Borrowing means an individual or a country receives a sum of value in exchange for an obligation to pay back the total amount at much higher rate during a specific time period in the future.
The concept of ‘borrowing’, whether it be for economic needs of countries and institutions or personal requirement, has been followed since ages. Borrowing means an individual or a country receives a sum of value in exchange for an obligation to pay back the total amount at a much higher rate for a specific time period in the future. However, borrowing is not limited to bank giving you a loan, it has in current world, modernized. This has brought in more reasons for individuals to be confused about the medium/s to opt for when they want financial aid or even how they will be financially impacted. In India, for individuals, many banks and financial institution provide loans either through credit cards or personal loans at a fixed rate or floating rate of interest.

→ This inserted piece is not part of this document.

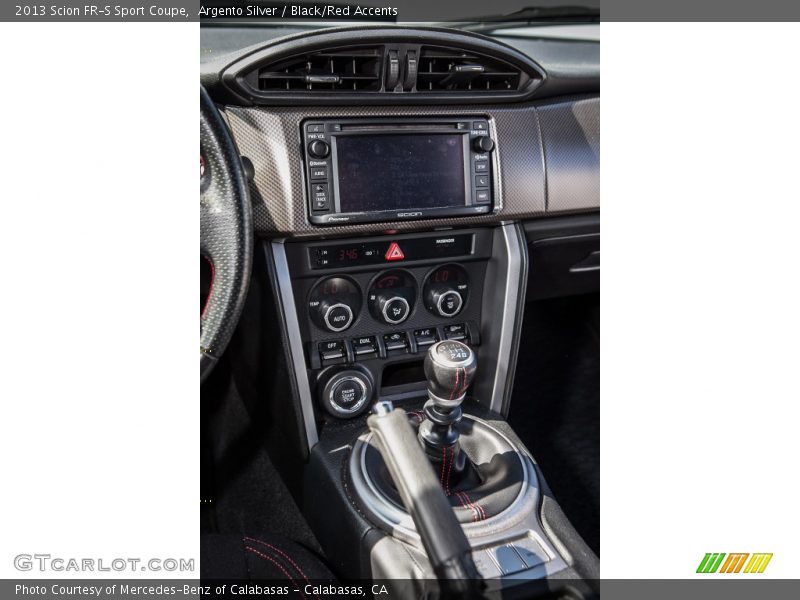Controls of 2013 FR-S Sport Coupe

According to Qbera.com, as the whole world comes in a state of perpetual debt, one needs to ask themselves whether the concept of debt merely virtual? Or is it not? Most importantly, how does borrowing affect you as an individual? Will borrowing, as is quite evident from events in the past, always lead to financial misery? Or is it just a myth? Let’s try and find out!
Aditya Kumar, Founder & CEO Qbera.com explains on whether borrowing can lead to a debt trap for an individual or not. People often find themselves puzzled about the type of borrowing instrument to pick. In today’s world, the most fitting borrowing options, at least for salaried individuals (they make up for the majority in the present-day borrowers’ community), are credit cards and personal loans. With banks and financial institutions constantly upgrading their credit products, borrowers often find themselves confused in choosing the ideal credit product.

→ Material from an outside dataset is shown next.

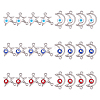 DICOSMETIC 24Pcs 6 Styles 304 Stainless Steel Enamel Connector Charms STAS-DC0010-36-1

Different credit products work differently.
Kumar says, "While we evaluate whether or not borrowing can lead to insurmountable debt, we’ll have to consider the individual workings of different credit products and how each of them play a diverse role in our overall financial health."
How much do credit cards and personal loans affect the debt?

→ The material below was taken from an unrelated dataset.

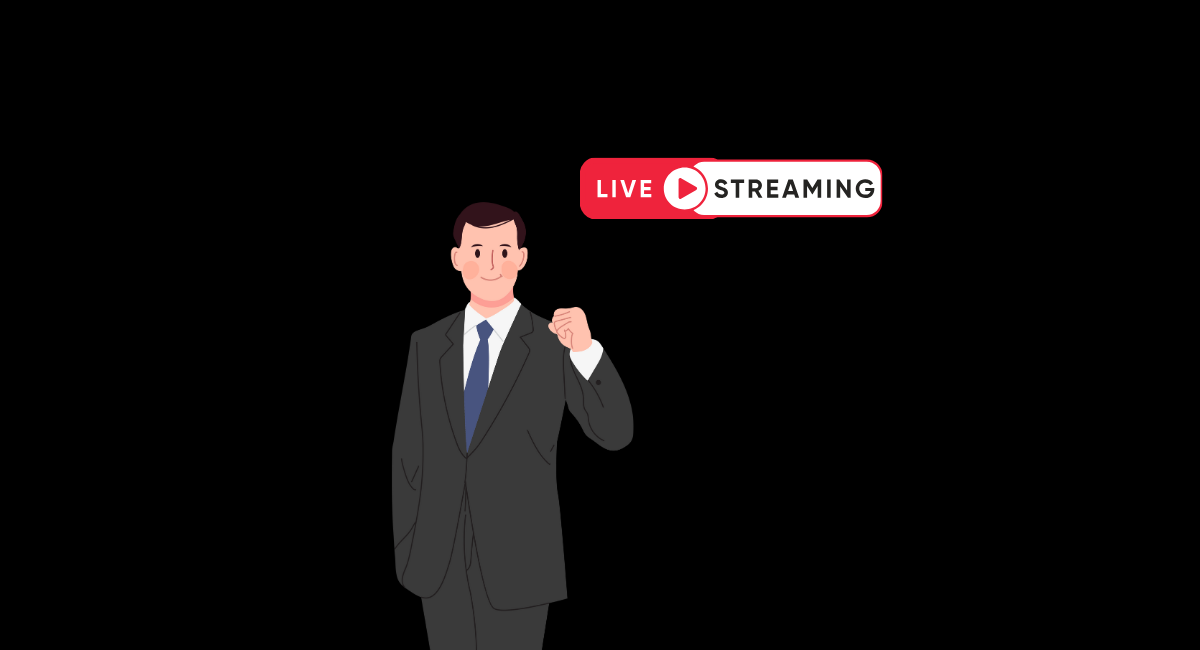 A marketer presenting a live stream session focused on promoting affiliate products to maximize profits and engage viewers.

Individuals with good credit scores will have multiple lending institutions offering them access to a multitude of credit instruments. This is where it is immensely essential to exercise the element of caution. We’ve often come across instances where debt has enveloped communities on a global scale in its dark underbelly.
Personal loans are unsecured loans that come with an interest rate between 11% and 16%, sometimes more (can overshoot 20% too). These loans often require you to have a good credit score in order to be eligible. The quantum of amount that you can borrow is directly proportional to your income. Tenure options usually stretch up to 5-year or 7-year periods or even longer.
Sometimes, a good credit score will give you access to multiple loans. With a good income level, you’ll have multiple financial institutions offering you loan options. Let’s say you take your options. Now, losing your job or your source of income will be detrimental to your financial interests – this is something you would agree without question.
A situation like this has only one deduction – borrowing will in fact, lead to great debt.
However, if your income level is good, you have more than one source of income, and only one loan account where your monthly repayment is less than 30% of your monthly income, borrowing will not lead to a great debt.
As such, whatever way you look at it, borrowing can, or wouldn’t lead to great debt. Debt management is what makes the difference.
As a matter of fact, taking a personal loan to make an investment or purchase an insurance product is a great example to demonstrate borrowing in good light, not leading to great debt of course (if managed effectively).
Credit cards are similar to personal loans, only that they come with a much higher rate of interest. Interest rates on certain credit cards stand at over 40% p.a. Having multiple credit cards and not giving due importance in managing your debt to income ratio can definitely lead to dangerous debt levels.
The right approach to borrowing is to effectively manage your debt to income ratio – at any point, your monthly debt repayments should not exceed 40 percent of your income (ideally, 30% should be your limit). If it does, you are approaching unfriendly territory.
Why borrowing doesn’t always lead to great debt?
After having understood the dangers of excessive borrowing, then know that controlled borrowing DOES NOT lead to intractable debt, but does in fact help grow the individual or the economy as the case may be.
- With the steady increase in disbursal of personal loans and other credit products, banks in India have posted steady financial growth.
- While NPAs have been an area of concern, steps to curb their emergence can show increased borrowings in great light.
- Credit cards have improved purchasing power of individuals, also helping them improve quality of life.
In conclusion, borrowing doesn’t necessarily lead to great debt. Management of debt is what leads to financial ruin or financial freedom.